In the first six months, you need an additional 500 calories per day. After six months, you’ll still need an additional 400 to 500 calories per day.

Don’t supplement your diet with processed food or empty calories. Aim to eat a balanced diet of protein, vegetables, fruits, and healthy fats.

You should be drinking adequate water too. Each day you produce about 25 ounces of fluid with breast milk. Drink when you're thirsty. Watch for signs that you need more water, such as darker urine, dry mouth, or infrequent urination.

You can learn more about diet and breastfeeding here:

Breastfeeding and galactagogues

You can use galactagogues to try to boost your milk supply. Some foods have these natural milk boosters. Many over-the-counter breastfeeding supplements contain natural milk boosters, such as fenugreek, milk thistle, and malunggay.

Research suggests these products may help increase milk production, but talk with your doctor before you begin using them.

It's possible to sustain breastfeeding once you return to work. In fact, many people do it. It just requires some planning and work with your baby to make the transition seamless.

In the United States, the Patient Protection and Affordable Care Act requires most employers to offer breastfeeding mothers a room where they can comfortably pump during the first year of their babies’ lives.

This allows you the opportunity to maintain breastfeeding while being away from your infant.

You'll have to transition your baby from breastfeeding to drinking breast milk from a bottle to make this work. Consider offering daytime feedings by bottle instead of breast to get baby used to bottle-feeding. That means you'll also need to start pumping before returning to work.

To do this, maintain early morning and late-night feedings with the breast, but pump enough milk for a bottle in the day. Also, plan to pump at the times you'd typically feed so you can keep a steady supply of milk.

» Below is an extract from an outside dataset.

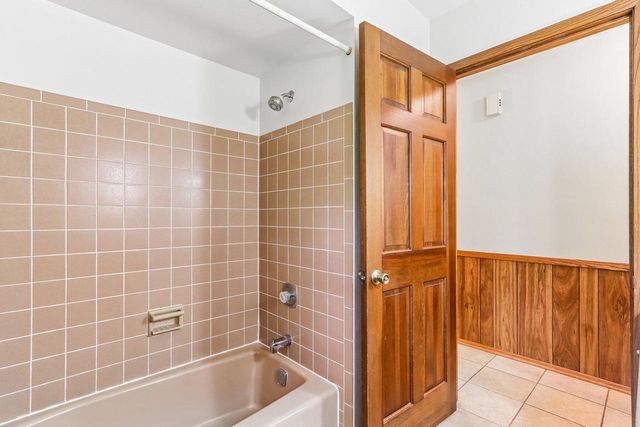 N40W32786 Wildwood LANE, Nashotah, WI 53058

Start this process several weeks before you plan to return work. If you're planning to return to work right away, you can also begin the process almost immediately following the birth of your baby.

You can also do a combination of breast milk and formula if that's easier or works better for you and your family.

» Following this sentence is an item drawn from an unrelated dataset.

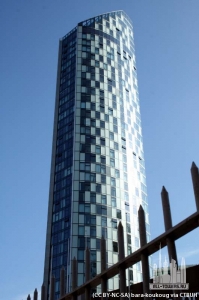 westtower_ext_lookingup_(cc-by-nc-sa)bara-koukoug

Do you want to learn about safely storing and using expressed breast milk? Read How to Safely Store, Use, and Thaw Frozen Breast Milk.

Leading healthcare organizations, like the American College of Obstetricians and Gynecologists (ACOG), AAP, and WHO, recommend exclusively breastfeeding for the first six months of a baby’s life.

After that point, you can begin introducing solid foods. That will begin to reduce how much breastfeeding you do.

ACOG and AAP say supplemental breastfeeding is good for the first full year. WHO suggests you can practice extended breastfeeding and breastfeed your baby up to age 2.

But when to stop breastfeeding is a personal decision. Do what works best for you and your family.

Weaning your baby is a process, but it can be accomplished. You can follow your baby’s lead and wean naturally as they begin eating other foods and drinking cow's milk, juice, or other beverages.

Or you can take charge and decide when the weaning process will begin. This may be met with some resistance, but timing and persistence can help you overcome any obstacle.

Start slowly. Gradually reduce the amount of breastfeeding. This helps your baby adjust to scaled-back feedings. Your breasts will naturally stop producing as much milk too.

A daytime feeding may be easiest to skip at first. You can keep your child busy during that normal feeding period by finding an activity to do or being away from the house.

Avoid normal breastfeeding spots during this period. The familiar scenes may conjure up cravings for your baby. By steering you and baby away from those chairs, beds, or other spots, you can help change the habit.

The decision to breastfeed is a personal choice. Not everyone can or wants to breastfeed. Breastfeeding is just one way to provide proper nutrition to your baby in those important first months of their life.

To help you through the process, it’s important to get plenty of rest, eat a balanced diet, and stay hydrated. This will keep your milk supply robust and your energy high so you can maintain breastfeeding in the manner you want.